As I’m writing this, I can’t help but think, WHY DID I NOT TAKE A PHOTO???? More on that later.
We started our trek from Lugazi (noted in red on map) and headed up to Gulu located in the northern part of Uganda. We were told that it is approx 4 to 5 hours away… Well, not exactly. We started off early enough and made it from Lugazi to Kampala in good time 2 hours not bad…… Now the fun starts…
Once we hit Kampala, we encounter a traffic Jam. It must have been the beginning of Road construction season. What should have took at a max 1 hour to make it to the other side of the city took 2.5 hours. One lane roads, detours way way way around the city to get to the north part. They are building a major freeway in anticipation of the 2010 World Cup Football (Soccer) tournament that will be held in Uganda. It will take you right up to the stadium! Until then, you have to drive around the city!

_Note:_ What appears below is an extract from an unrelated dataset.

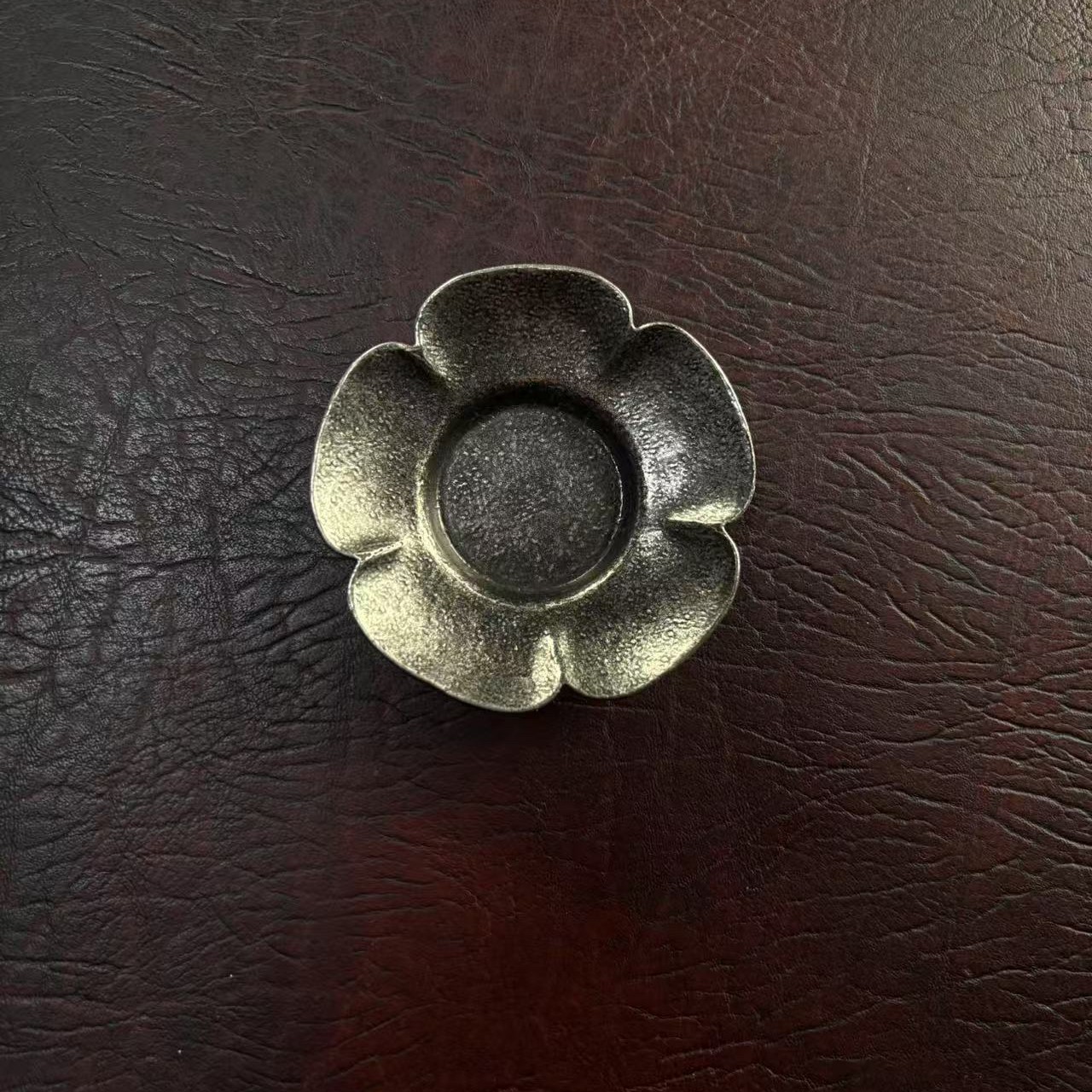 南亭记-花瓣小杯垫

Once we got on the ONLY paved or sealed gravel road that heads North, we were a cruzing. It was as if we made up time as we drove 80 kmph… (I think that’s about 55 miles per hour!) We did that for just a few minutes then we encountered something we are all fimiliar with… POT HOLES… Our driver Ignasis has eagle eyes, he could see them coming for miles! The bus moved to the right, then to the left then to the right… Slowed down to go “through” the ones that could swallow the bus. But we made it. After a few hours of this, we stopped at a little roadside cafe to use the toilets (not bathrooms.. that’s asking for a shower) and eat a late lunch.
Lunch on the move is delightful.. Hard Boiled Eggs, a Chapti’s (all familiar Roti’s), peanut butter smeared on anything you can smear it on… And Orange Fanta or Coke… They also have a very lovely Ginger soda Stoney’s. Which I like, but if you are not use to ginger, it makes you cough when you take the last sip! After a short break off we went…..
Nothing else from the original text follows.